As a race, we’ve come through a great deal. And for the most part, we did it together.
The difference was that in previous times when Black men were under siege, Black women worked with them to hold the community together and we were all better for it. Now, many Black women feel that they have it all together, that they have done enough for “us” and that it’s time for Black men to get it together.
Any Black woman who is alive and under 50 today is under some beautiful delusion to pretend to be tired of suffering anything at the hands of Black men or tired of doing anything for Black men, because it just hasn’t happened in their generation.
Frankly, Black people as a race haven’t done anything for themselves in decades-it’s been all about self-preservation as individuals.
If you are a Black woman under 50 today, the heavy lifting was done by your grandmother, not even your mother. You haven’t run any slaves through an underground railroad, no one has legally raped and/or forcibly impregnated you, and you haven’t carried the burden of the race on your back.

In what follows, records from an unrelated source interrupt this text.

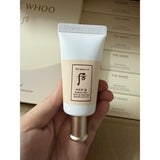 Kem Chống Nắng Dưỡng Trắng Whoo Gongjinhyang Seol Radiant White Tone Up Sunscreen SPF50+/PA++++ - MINI 25ML - KHÔNG HỘP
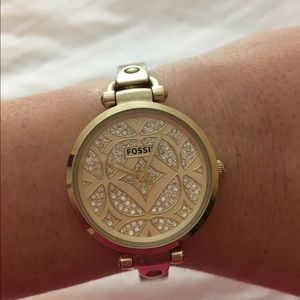 Fossil watch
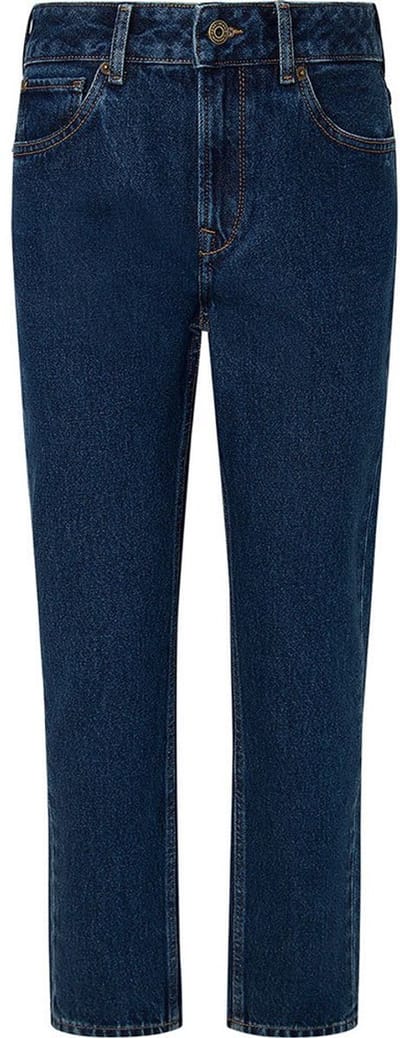 Pepe Jeans Pl204591 Tapered Fit Spijkerbroek Blauw 29 / 30 Vrouw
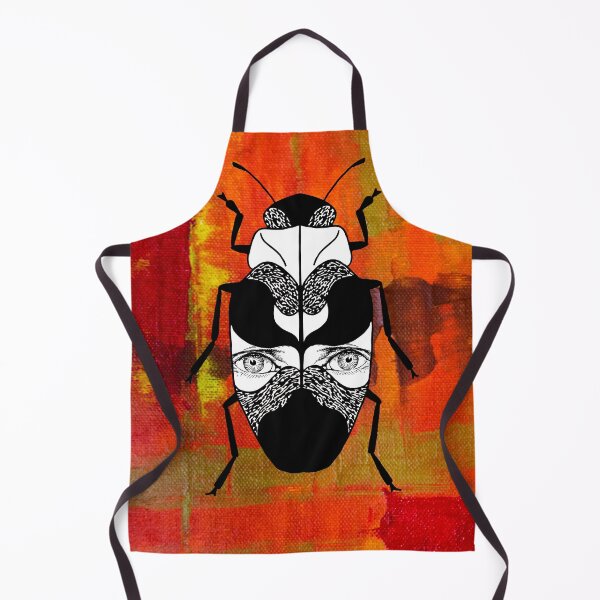 Item preview, Scarab With Eyes designed and sold by lastechance.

Many of the Black women who claim to be tired haven’t even held a family together, if they even have a family of their own.
We didn’t begin to seriously deteriorate as a race—men or women—until the end of the Sixties, when many Negroes decided to become shiny and new and abandon everything remotely connected to the community.
Really, any contemporary Black woman who feels that she has been carrying the race is crazy because the race is doing worse than ever.
Yet, some of today’s Black women act so terribly put upon, as though they are perfect and Black men are holding back the race.
In response to my column called “Man Up,” chastising men to stand up and be men, one insane woman wrote “not only are we (Black women) ready...but a lot of ‘outsiders’ are ready for Black men to finally get their sh-t together, too.”
Really? Black women and the world are simply waiting for Black men to stop being lazy bags of crap? The answer, of course, is no.
But what is most disturbing is such a sentiment accompanied by little concern about the lagging of Black men.
Black women, even if you believe yourselves to be ahead of Black men, why aren’t you concerned about the hole in MY end of OUR boat? If you believe that we are sinking, you must realize that you will sink as well.
And while no thinking Black man has a problem with Black women working to improve the condition of Black women, the destruction comes with pretending that Black men are in some way holding Black women back.
Some Black women are even retelling the story of the Civil Rights Movement, claiming that it was oppressive to Black women, yet the only “evidence” of that is a quote from an obscure member of the Black Panthers, who admitted to being a rapist and a lover of White women, but who never represented any great portion of Black men—then or now.
In order to truly believe this lie, we have to ignore the Black women who were a vital part of the Movement. We would also have to ignore the FACT that the Civil Rights Act of 1965 was the first time that the rights of women were mentioned since they were enfranchised.
And, we would have to ignore the FACT that Affirmative Action benefited Black women more than Black men.
But, really, the question is this: Why are we even having that discussion?
The answer is that some Black women find power in their own victimhood, which gives them an excuse for poor behavior, while accepting no responsibility.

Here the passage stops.